The maxixe (pronounced Mah-SHEESH and in various other ways) is a lively dance combining Africanized polka and two-step elements.
The Maxixe dance history was an Afro-Brazilian adaptation of the polka, introduced to Brazil by European immigrants.
Although its debut in Paris in 1905, accompanied by the tune “La Sorella,” didn’t immediately catch on.
The dance was later reintroduced in 1912 by Monsieur L. Duque, also known as “The Duke”. He was a talented Brazilian dancer and composer named Antonio Lopes Amorim Diniz.
The maxixe, also spelled mattchiche and matcheche, was danced to various musical compositions.

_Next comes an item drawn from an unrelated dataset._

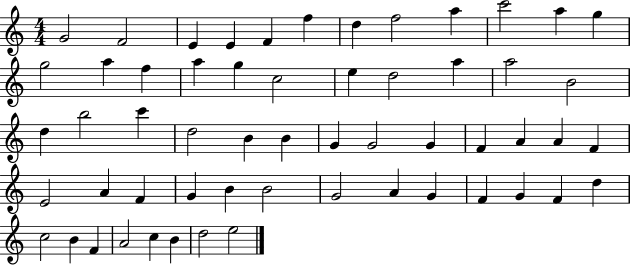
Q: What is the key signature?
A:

It could be enjoyed with authentic Brazilian music, such as Ernesto Nazareth’s “Dengozo,” or popular Tin Pan Alley tunes like “Down in Zanzibar” and “Buenos Dias Maxixe” by Indiana ragtime composer Kathryn Widmer.
In 1912, there were two versions of the maxixe: fast and slow. The original maxixe, reminiscent of the upcoming samba, featured an upbeat and quick tempo.
However, given the dominance of the Argentine tango on the dance floor, some publishers and dance bands started promoting the maxixe as a Brazilian style of the tango.
Fun fact: The Maxixe craze coincided with the launch of the Titanic. It lasted for about just as long as the ship faded away into obscurity.